Bei fünf gleichen Werten ist das HashSet nur noch zwei Indizes groß.
Bei vier gleichen Werten ist das HashSet nur noch drei Indizes groß.
...

Vergleichen kann man das HashSet IMHO besser mit einer List.


----------



## Natac (19. Jun 2014)

786Newbie hat gesagt.:


> also wenn ich es richtig verstande habe ist Hashset sowas wie ein array wobei es keinen wert doppelt nimmt, dadurch würden also im set nur noch 4 sein, und da es größer als 3 ist erfüllt es die bedingung?


Eher nein.
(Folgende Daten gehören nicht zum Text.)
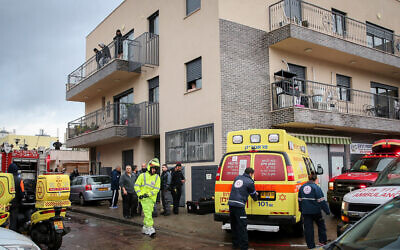 Rescue teams and security forces at the scene where a man and a woman drowned after they were trapped in an elevator that became engulfed by floodwaters in Tel Aviv on January 4, 2020. (Flash90)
Ein Hash*Set* (Set = Menge), ist eine Menge von Werten ("Hash" sagt nur etwas über die Art der Implementierung aus).

Und genau wie bei einer Menge, gilt für jedes Set (nicht nur HashSet):
- Jeder Wert kommt nur einmal vor (deswegen gibt es keine Dopplungen)
- Die Werte haben keine bestimmte Ordnung (also gar nicht wie ein Array)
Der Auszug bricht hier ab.